A 12-node Raspberry Pi cluster A 12-node Raspberry Pi cluster

Introduction

This repository provides a set of functions for computing the product of two matrices. These functions are intended to be run on a cluster built with Raspberry Pi computers. Header file mxmultiply.h supplies four different levels of optimization, each implemented as a separate function, on the general matrix multiply algorithm:

  1. multithreaded (OpenMP)
  2. parallel (MPI)
  3. vectorized (NEON)
  4. multithreaded, parallel, and vectorized (OpenMP + MPI + NEON)

To facilitate development, all functions were written with the following assumptions in mind:

  • matrices are just (one-dimensional) arrays of floating point numbers (float type).
  • all matrices are squared.
  • the length of any matrix is a multiple of 4.
  • entries in a matrix are stored in column-major order.

There are also sample programs which demonstrate each of the aforementioned levels of optimization in the scr directory. Namely, these are omp.c, mpi.c, neon.c, and omp_mpi_neon.c. After execution, each of these programs prints out their running time in seconds. Additionally, there is one last program which computes matrix multiplication in a sequential manner.

Cluster Setup

A cluster should have a master node. This node is used as a hub; all development is done here: we write, compile, and deploy binaries from this node. All other nodes in the cluster are referred to as slave nodes. They are mainly used for computational purposes. To maximize cluster usage, however, the code in this repository also utilizes the master node as a computational unit. Details on how to set up your own cluster can be found in this excelent guide written by Mike Garcia.

Cluster Performance

To assess the overall speed of the cluster, I ran the HPL benchmark (version hp1-2.2). It was configured to work with MPICH and BLAS (Basic Linear Algebra Subprograms). For a single problem size of 17,400 with just one process grid of 3 rows and 4 columns, the results indicated that this cluster was able to process 2.364 GFLOPS. To obtain this value, I ran the benchmark three times and took the average of the resuls.

Dependencies

To run the sample programs in this repository, you will need to install both GCC and MPICH on all nodes in the cluster. On the latest Raspbian (Stretch, by the time this was written), GCC comes installed by default. So, you will only need to install MPICH via sudo apt-get install gcc mpich. See this guide for more details.

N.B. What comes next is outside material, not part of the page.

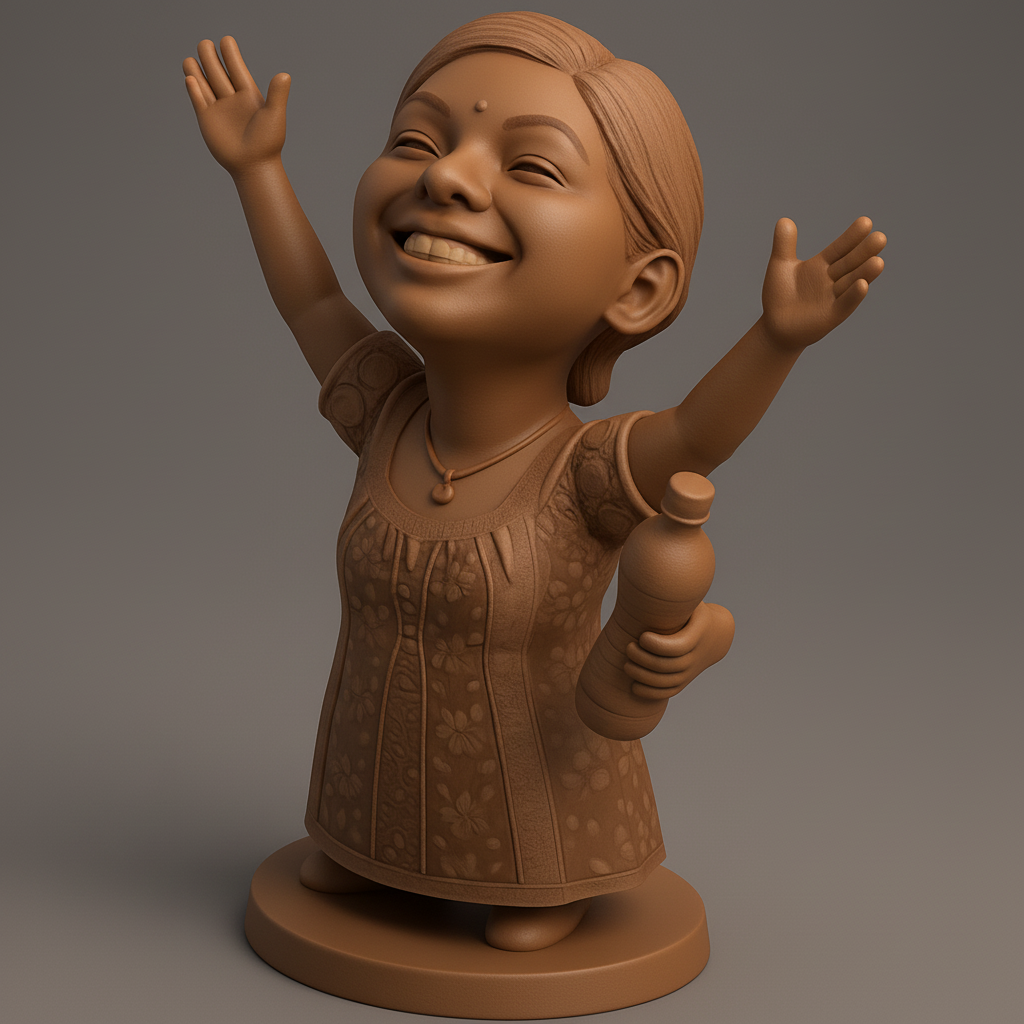 silhouette 3d printer maker-3d portrait printing_Joyful Child Figurine: Celebrate Pure Happiness!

To easily deploy binaries and issue commands to all slave nodes in the cluster, you should install the parallel SSH toolset. You can do so by running sudo apt-get install pssh. If you have a big cluster with many nodes, you may want to write a hosts file to use with parallel-ssh and parallel-scp. I provided a sample file for a 12-node cluster here. Note that this file can be easily adapted for clusters of any size.

Usage

To compile and deploy the code in this repository, you must run the usual GCC and MPI commands. To make life a lot easier, I have written multiple aliases in my .bashrc configuration file. I also wrote a makefile. Before anything, however, you need to make sure that in your master node you have:

  1. copied the SETTINGS AND ALIAS DEFINITIONS FOR MASTER NODE block from my .bashrc into yours. This block is at the bottom of the file.
  2. created a .mpiconfig folder in your home directory and added a machine_file in it. A machine file is simply a plain text file containing a list of IP addresses corresponding to the IP addresses of all nodes in the cluster.
  3. added a hosts_file in ~/.ssh. If the directory does not exist, create it.
  4. set the GOMP_CPU_AFFINITY environment variable. Do not worry about this if you completed step 1. You can read more about why we set this variable here.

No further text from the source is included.